How do you factor $ 5{{x}^{2}}+6x+1 $ ?

Answer 1

Hint: When we factorize a quadratic equation $ a{{x}^{2}}+bx+c $ we write $ bx $ as $ mx+nx $ where $ m+n=b $ and $ mn=ac $ , then we can easily factorize the equation. We can split $ 6x $ to $ 5x $ and $ x $ to solve this question.
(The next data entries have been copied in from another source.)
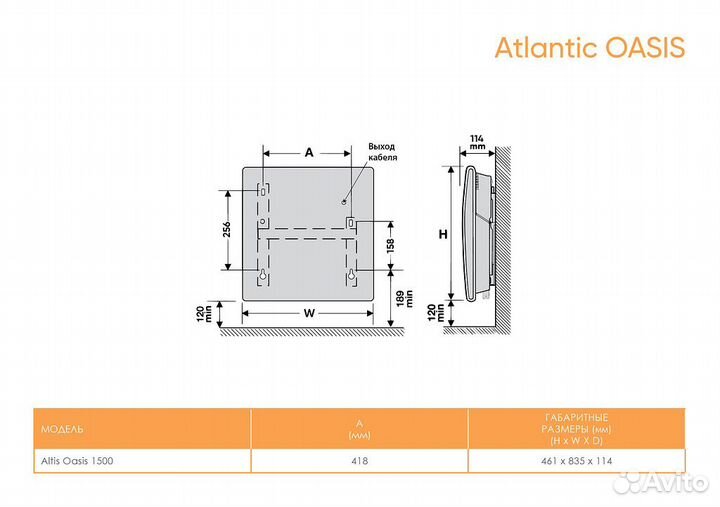 Эл. конвектор Atlantic altis Oasis 1500W 2в1, WiFi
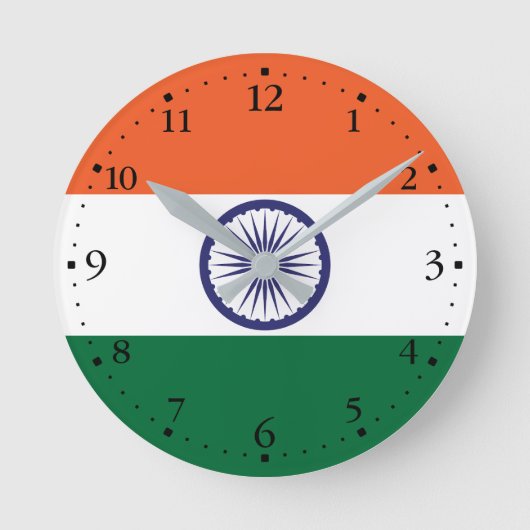 Indische Flagge Runde Wanduhr (Vorderseite)
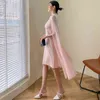 Pink Patchwork Dress For Women O Neck Long Sleeve High Waist Slim Midi Dresses Female Fashion Clothing Summer 210520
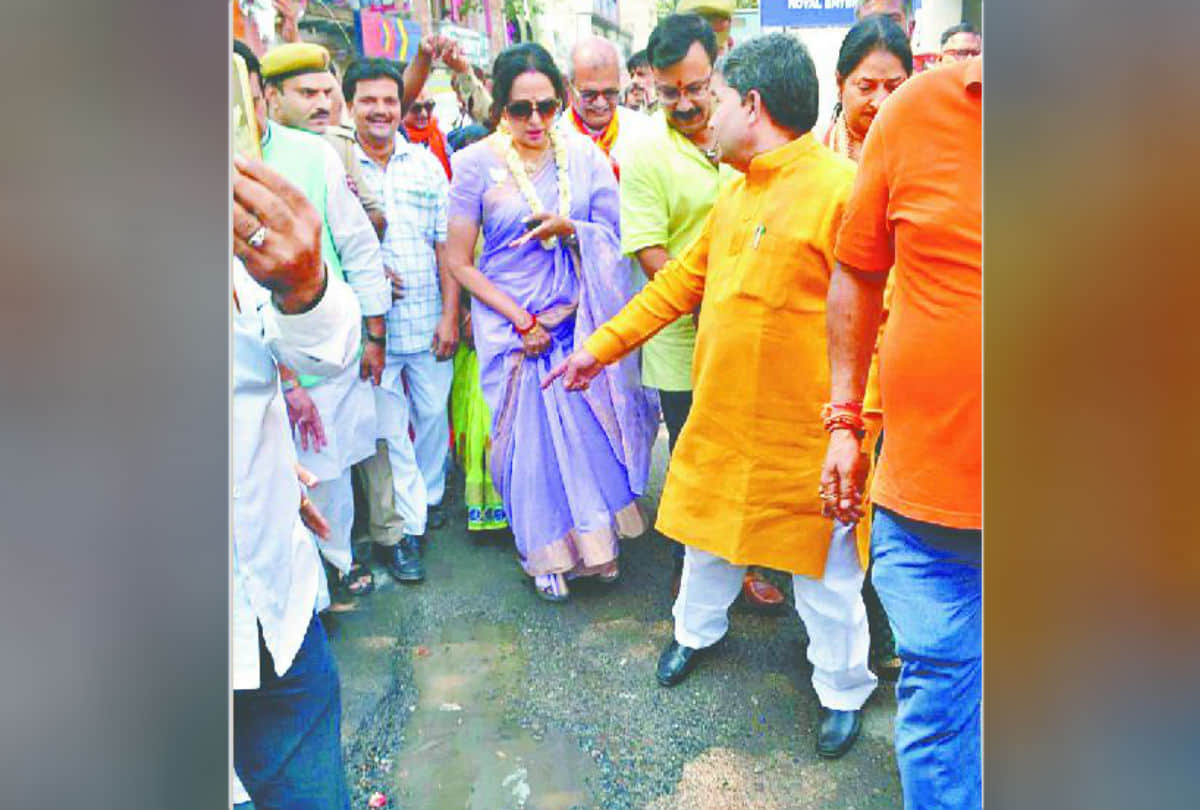 Hema Malini held padyatra for swachh bharat mission in mathura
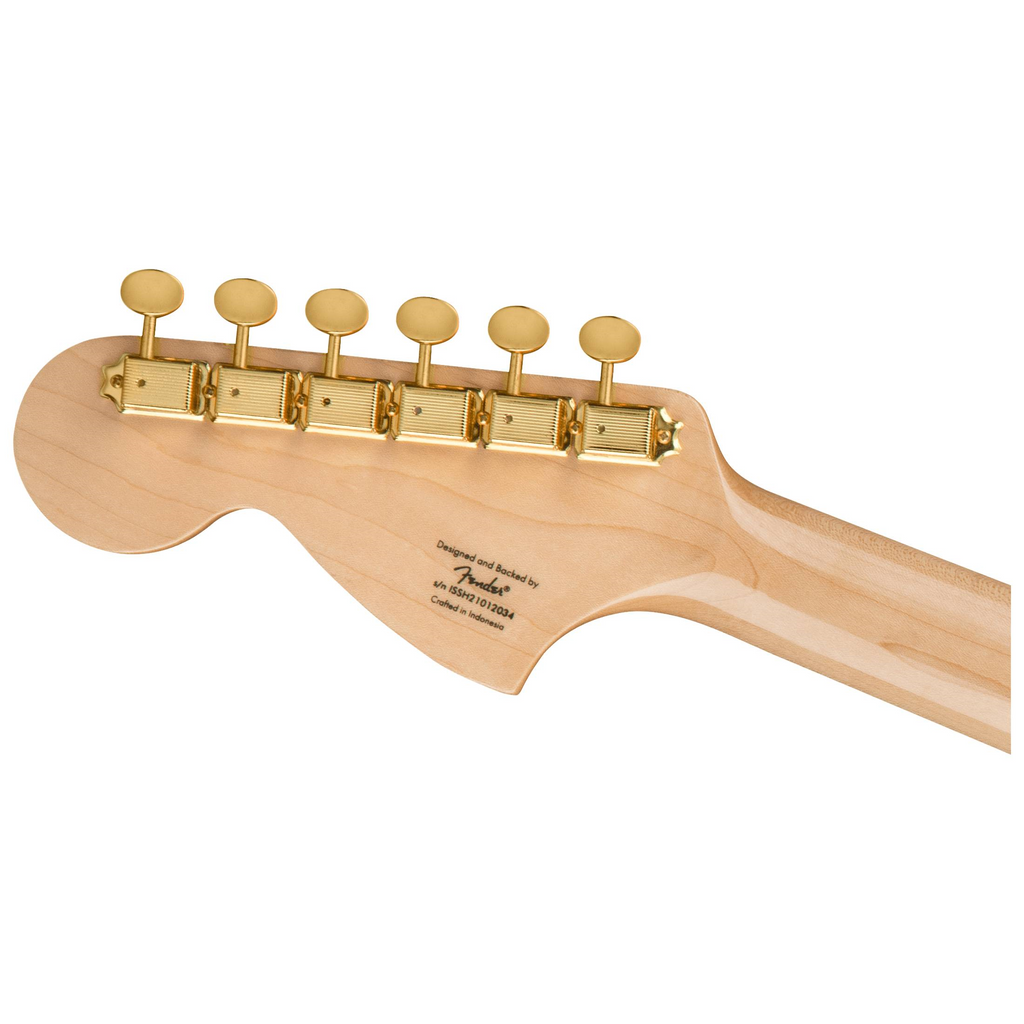 Squier 40th Anniversary Strat Gold Edition Electric Guitar with Gold Anodized Pickguard, Lake Placid Blue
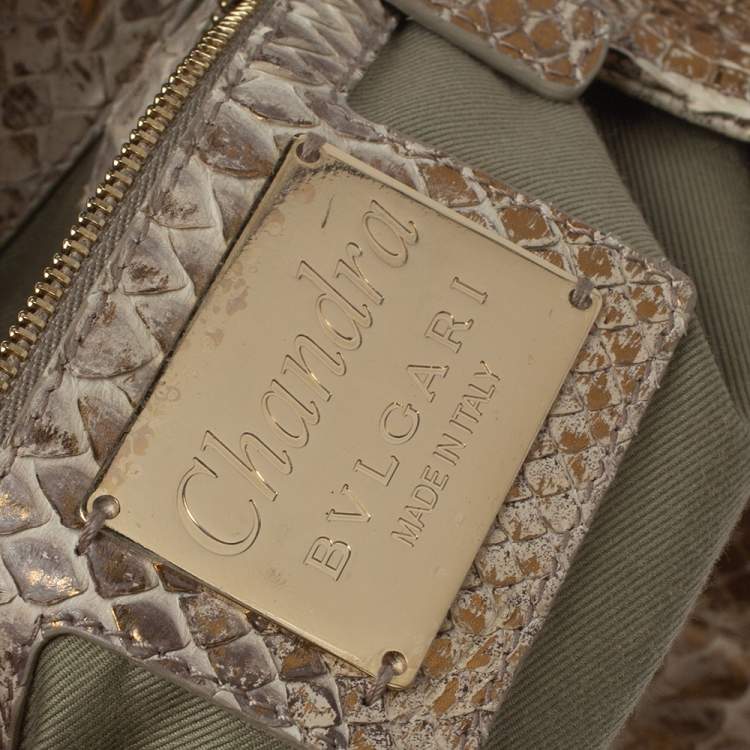 Pre Owned Bvlgari Beige/Gold Python Chandra Hobo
Complete step by step answer:
The given equation is $ 5{{x}^{2}}+6x+1 $ which a quadratic equation. if we compare the equation to standard quadratic equation $ a{{x}^{2}}+bx+c $ then $ a=5 $ , $ b=6 $ and $ c=1 $
To factor a quadratic equation we can find two numbers m and n such that the sum of m and n is equal to b and the product of m and n is $ ac $. Then we can spilt $ bx $ to $ mx+nx $ then we can factor the equation easily.
In our case
 $ \begin{align}
  & ac=5\times 1 \\
 & ac=5 \\
\end{align} $
and $ b=6 $
So pair of 2 numbers whose product is 6 are (1,5) , (2,6)
But there is only one pair whose sum is 5 that is (1,5)
We can $ 6x $ spilt to $ x+5x $
So
Taking x common in the first half of the equation and taking 1 common in second half of the equation.
 $ \Rightarrow 5{{x}^{2}}+x+5x+1=x\left( 5x+1 \right)+1\left( 5x+1 \right) $
Taking $ 5x+1 $ common
 $ \Rightarrow x\left( 5x+1 \right)+1\left( 5x+1 \right)=\left( x+1 \right)\left( 5x+1 \right) $
In this way, we can factor a quadratic equation another method is directly finding the roots of the equation.

Note:
While factorizing a quadratic equation we can’t always able to split $ bx $ such that their product is equal to ac because sometimes the roots can be an irrational number. So in that case we can try the complete square method to factorize the equation.